Look, we’re only human. We don’t like picking on columnists—well, a couple of them we do, but in general we care only about truth and justice. So we would stop ragging on Lorne Gunter—honest!—if he’d stop writing things like the following: “Elections Canada is investigating … whether the national Tory campaign bought more advertising than it was allowed in the 2006 campaign by disguising some of its national ads as local ones.” (Our italics.) That’s his lede in today’s Ottawa Citizen, and it misses the point entirely. It’s called the “in-and-out” affair, as our own Kady O’Malley recently explained in prose so entertainingly straightforward that an Edmontonian could understand it, because money allegedly went into local riding accounts and then out of them, back to party headquarters, before it was actually spent. This needn’t for a second compromise Gunter’s central point, which is that campaign finance laws in general “do violence to our freedom of speech and association.” So why misrepresent the issue?
Legislation to mandate biofuel targets in Canadian gasoline “seemed like a political masterstroke” just a year ago, Don Martin writes in the Calgary Herald. “Happy farmers, grinning greenies and oblivious motorists, even as renewable fuels moved to displace one million cars worth of greenhouse gases.” But as concerns mount over the effect of biofuels on the world food supply—and, in Canada, on the price of beer and popcorn—Martin says the NDP’s uncharacteristically cautious call to delay the legislation pending a reexamination makes a good deal of sense.
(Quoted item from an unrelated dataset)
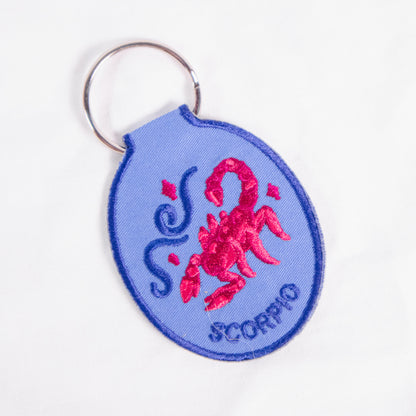 Zodiac Sign Embroidered Keychain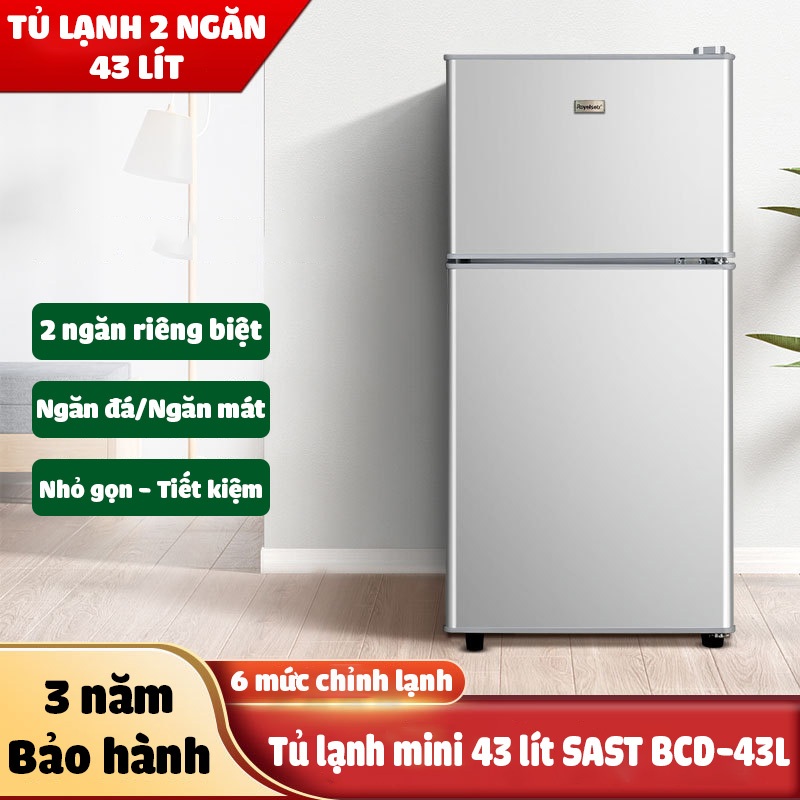 Tủ lạnh mini 43 lít SAST BCD-43L làm đá -đựng mỹ phẩm- làm mát nước uống- bảo quản hoa quả thực phẩm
The Citizen‘s Dan Gardner understands why Ontario’s decision to ban cigarette “power walls” in convenience stores smacks of political expediency. Dalton McGuinty is something of a grand master of political expediency, after all, from pit bulls to bisphenol-A to pesticides. But with all due respect to the editors of Maclean’s, Gardner insists those power walls are a tobacco “marketer’s dream.” For all the advertising restrictions they face, cigarette companies can still put up what amounts to a billboard “in a place where teenagers buy pop and potato chips and smiling parents treat their children to lollipops. Such nice memories. Such compelling associations.” Behavioral science, which big tobacco understands better than just about anyone, dictates that familiarity lowers the perception of risk. Reduce Ontarians’ encounters with cigarettes, Gardner argues, and smoking “will become strange. Positive feelings and associations will fade. Perceived risk will rise.”
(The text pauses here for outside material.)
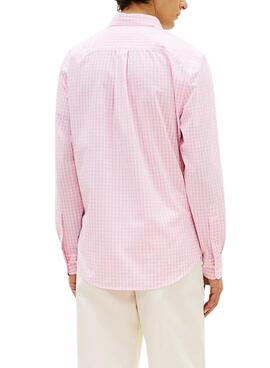 Chemise à carreaux Vichy rose pour homme Tommy Hilfiger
“All in all,” the Globe‘s John Ibbitson writes, “in the last half of the 20th century, there was more wisdom to be found in Reader’s Digest than in the collected work of the entire Western intelligentsia.” (We are left more or less to take his word on that.) This is why voters in English democracies are so wary of elitism and so fond of salt-of-the-earth populism, he argues, and why Barack Obama’s opponents have seized so firmly on his guns-and-God comments. “But Hillary Clinton is never going to convince anyone that she’s just a working girl running against an egghead,” says Ibbitson, and Obama retains enough of his skills on the basketball court to have a very good shot at winning over the regular guys and gals of Indiana.